■ TASK INSTRUCTIONS
Please, from the entries below, transcribe exactly the lines that begin at the line with "fabrication dun escalier" and end at the line with "Round Bead Necklace Set / Ruchi", without the pictures.

■ INFORMATION SHOWN
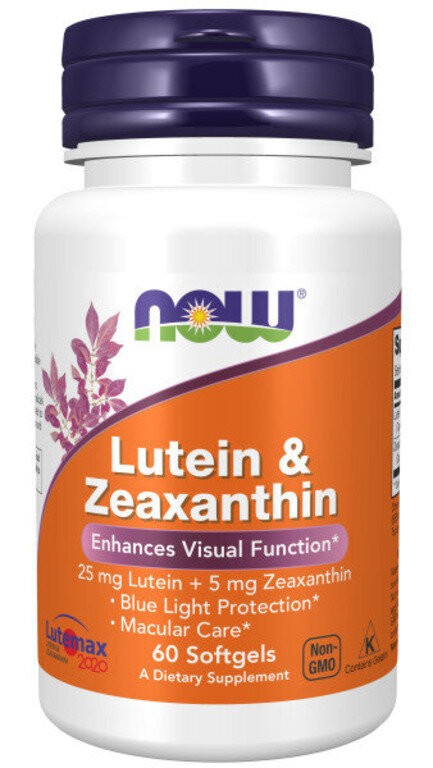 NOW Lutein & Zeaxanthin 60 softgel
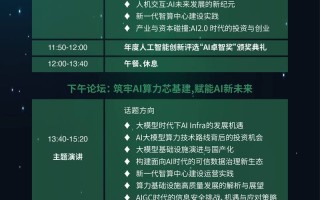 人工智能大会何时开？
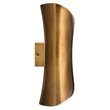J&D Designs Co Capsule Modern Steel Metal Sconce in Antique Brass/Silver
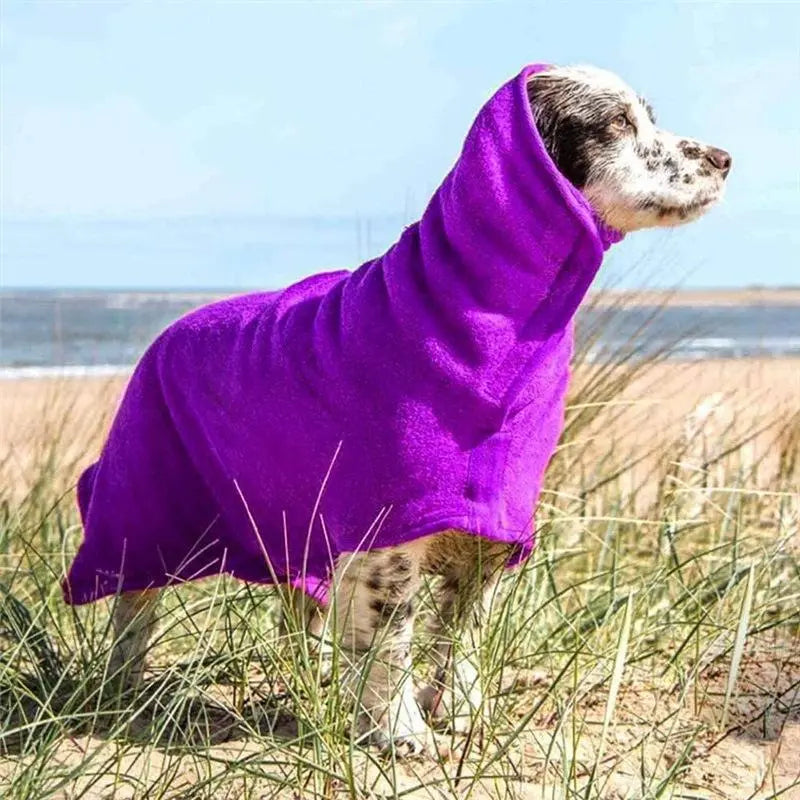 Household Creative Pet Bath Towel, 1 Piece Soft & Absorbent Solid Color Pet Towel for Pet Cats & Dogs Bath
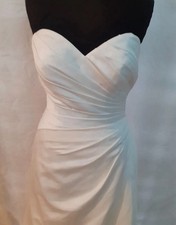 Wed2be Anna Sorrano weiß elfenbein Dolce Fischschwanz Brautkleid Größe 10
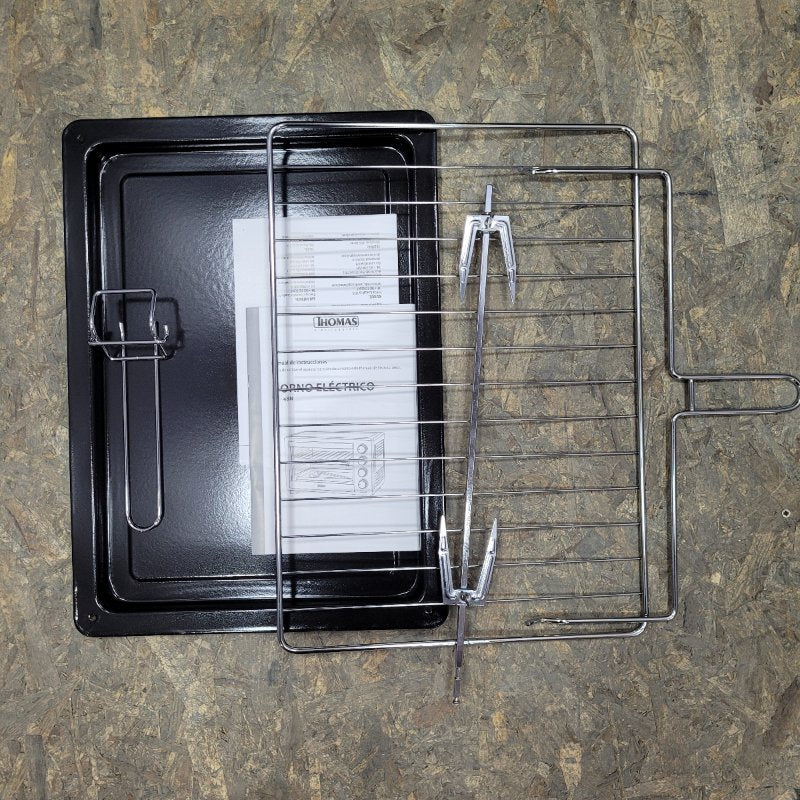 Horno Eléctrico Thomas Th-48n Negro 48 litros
---
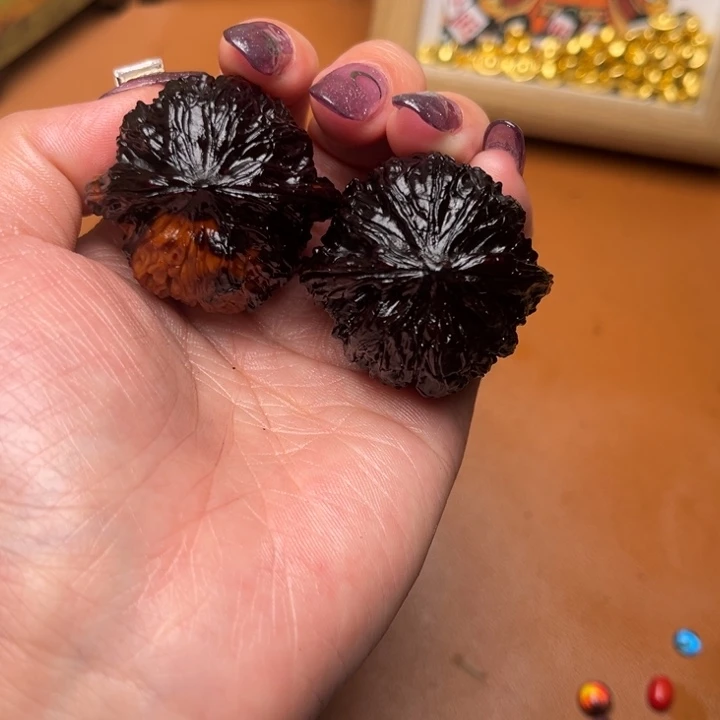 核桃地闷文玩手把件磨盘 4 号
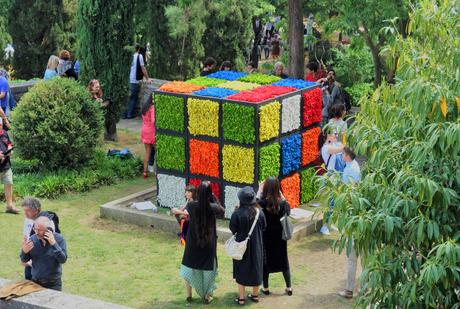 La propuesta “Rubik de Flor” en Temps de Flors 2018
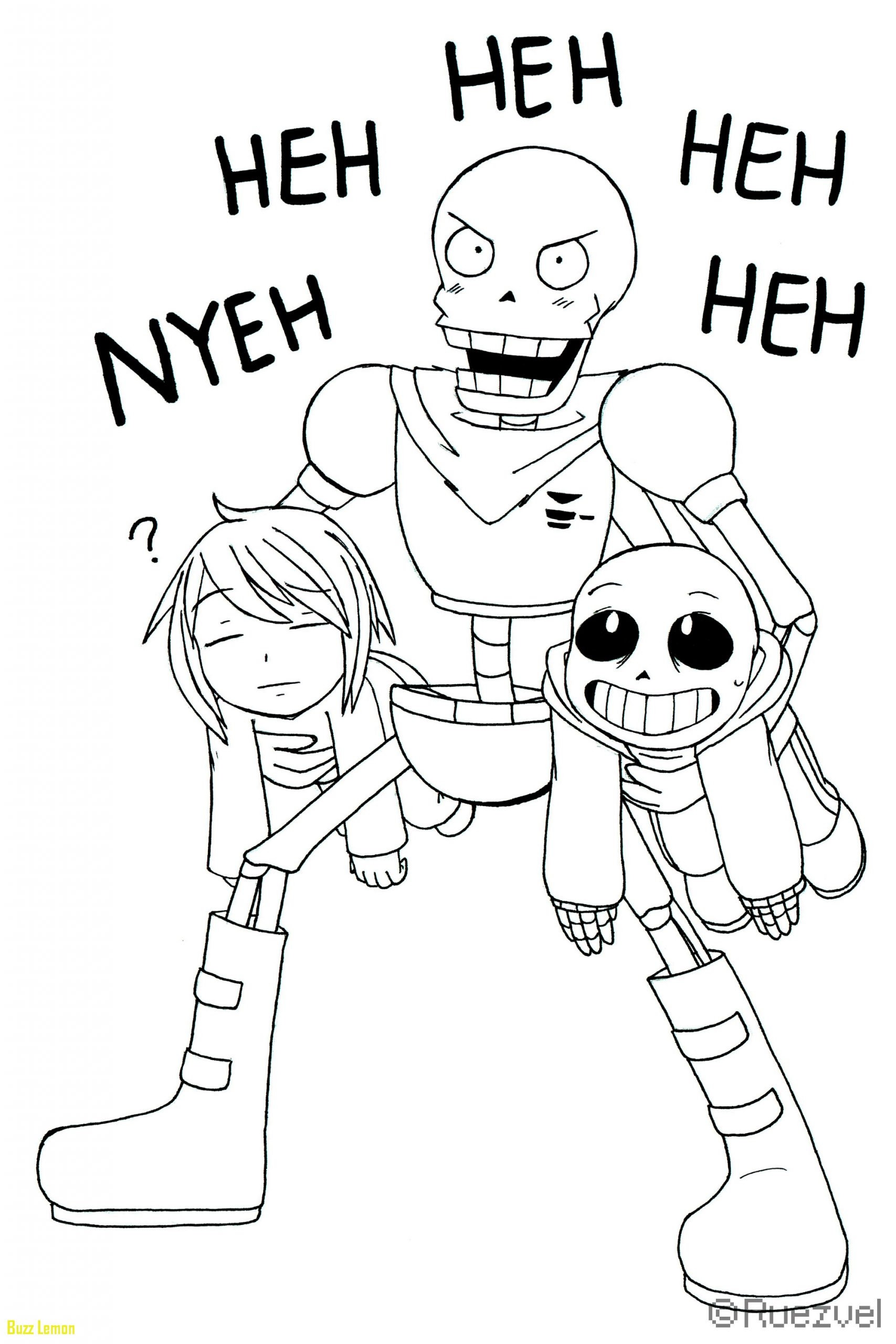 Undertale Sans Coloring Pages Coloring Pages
---
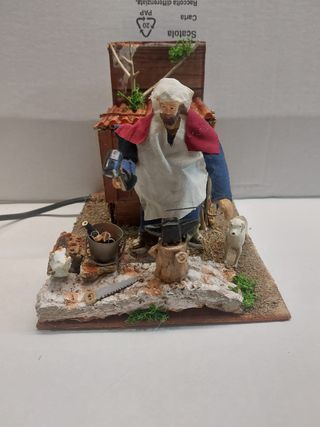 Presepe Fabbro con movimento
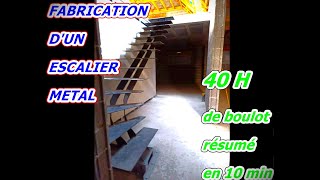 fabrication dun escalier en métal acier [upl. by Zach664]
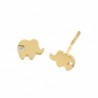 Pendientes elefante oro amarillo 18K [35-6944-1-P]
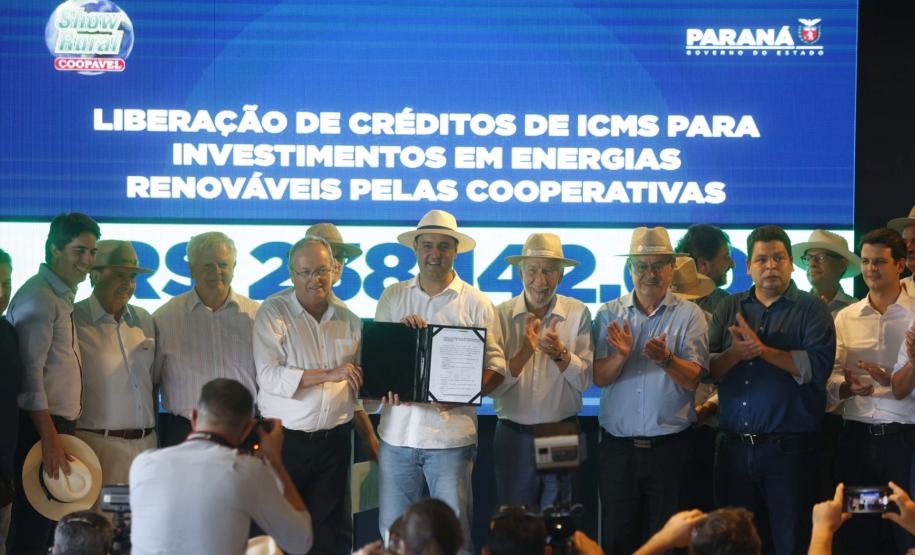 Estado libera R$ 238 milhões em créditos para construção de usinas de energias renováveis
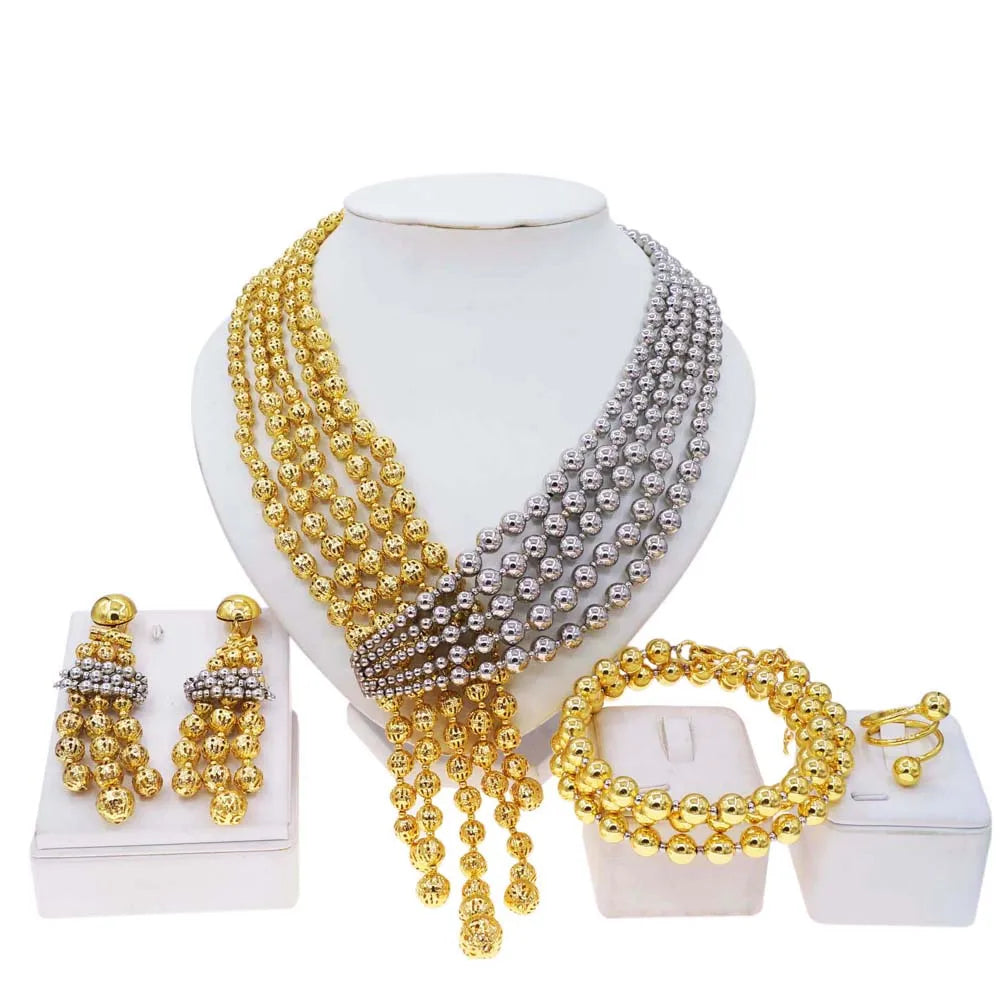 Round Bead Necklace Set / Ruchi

■ TASK OUTPUT
 fabrication dun escalier en métal acier [upl. by Zach664]
 Pendientes elefante oro amarillo 18K [35-6944-1-P]
 Estado libera R$ 238 milhões em créditos para construção de usinas de energias renováveis
 Round Bead Necklace Set / Ruchi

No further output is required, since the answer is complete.